The Importance of Chemical Equilibrium in Controlling Chemical Weathering Rates: Insights from Reactive Transport Modeling of Soil Chronosequences


MAHER, Kate, Department of Geological Sciences, Stanford University, 450 Serra Mall, Building 320, Stanford, CA 94305, STEEFEL, Carl I., Earth Sciences Division, Lawrence Berkeley National Laboratory, 1 Cyclotron Road, Berkeley, CA 94720, WHITE, Art, U. S. Geological Survey, 345 Middlefield Rd, MS 420, Menlo Park, CA 94025 and STONESTROM, David, US Geological Survey, 345 Middlefield Rd, Menlo Park, CA 94025, kmaher@stanford.edu

Reactive transport model simulations of soil profile development can be used to uniquely constrain the rates of soil production, the weathering rates of individual minerals and to explore the correlation between different factors of soil formation when appropriate constraints exist. A multi-component reactive transport model (CrunchFlow) was used to interpret soil profile development and mineral precipitation and dissolution rates at the 226 ka marine terrace chronosequence near Santa Cruz, CA. Aqueous compositions, fluid chemistry, transport, and mineral abundances are well characterized and were used to constrain the reaction rates for the weathering and precipitating minerals in the reactive transport modeling. Model results suggest that the argillic horizon at Santa Cruz can be explained almost entirely by weathering of primary minerals and in situ clay precipitation accompanied by undersaturation of kaolinite at the top of the profile, with no substantial illuviation or translocation of clays. In addition, primary mineral weathering rates constrained by the model are consistent with laboratory values when kinetic rate laws with a non-linear dependence on thermodynamic equilibrium are considered. Overall, our results suggest that the proximity to thermodynamic equilibrium of the reacting phases is extremely important for understanding how soils develop temporally, and in relation to other factors of soil formation.

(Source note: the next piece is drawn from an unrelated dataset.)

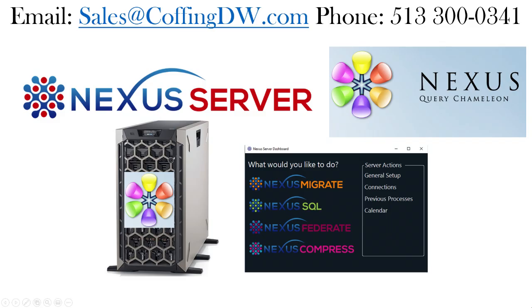We should do a POC. I will give you as many Nexus clients software that you want, or Nexus server software that you want. You can try it out for free. Give me a call at 513-300-0341. We'll get that to you. And you can also write me sales at coughingdw.com for Coughing Data Warehousing. Thank you so much. I look forward to hearing from you.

Our model simulations, combined with data from other chronosequence studies where hydrologic data exists, suggests that the processes that control the departure from thermodynamic equilibrium, such as fluid flow or fluid residence time, secondary mineral precipitation, and microbially- supported reactions predominantly control the rate at which the weathering reactions proceed, and therefore rate of soil development. The extent to which these factors are affected by climatic and tectonic processes will determine the overall chemical weathering rate for a given system.